### Exercise aim
Copy out the listing that follows exactly, dropping every picture.

### Recorded information
==========
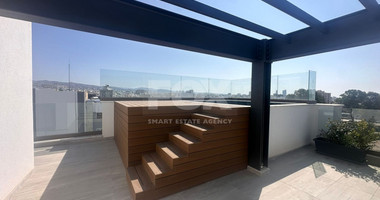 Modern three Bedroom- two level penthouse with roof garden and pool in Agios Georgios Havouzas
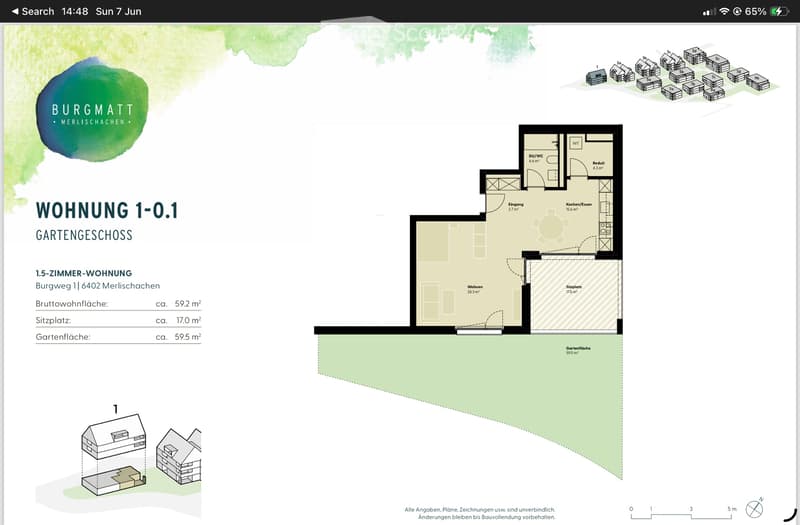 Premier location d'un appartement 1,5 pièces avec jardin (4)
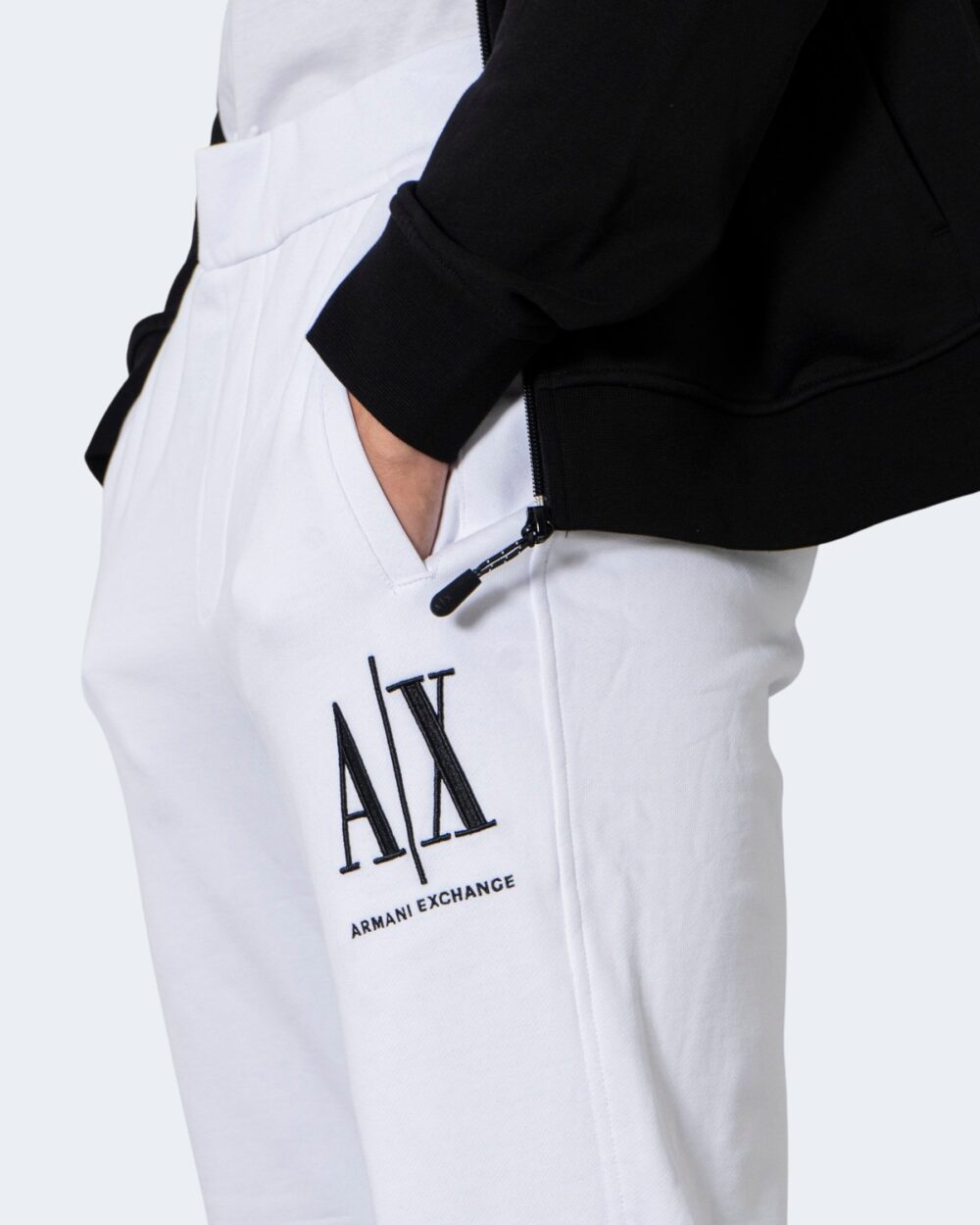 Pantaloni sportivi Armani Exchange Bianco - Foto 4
==========
### Task solution
 Modern three Bedroom- two level penthouse with roof garden and pool in Agios Georgios Havouzas
 Premier location d'un appartement 1,5 pièces avec jardin (4)
 Pantaloni sportivi Armani Exchange Bianco - Foto 4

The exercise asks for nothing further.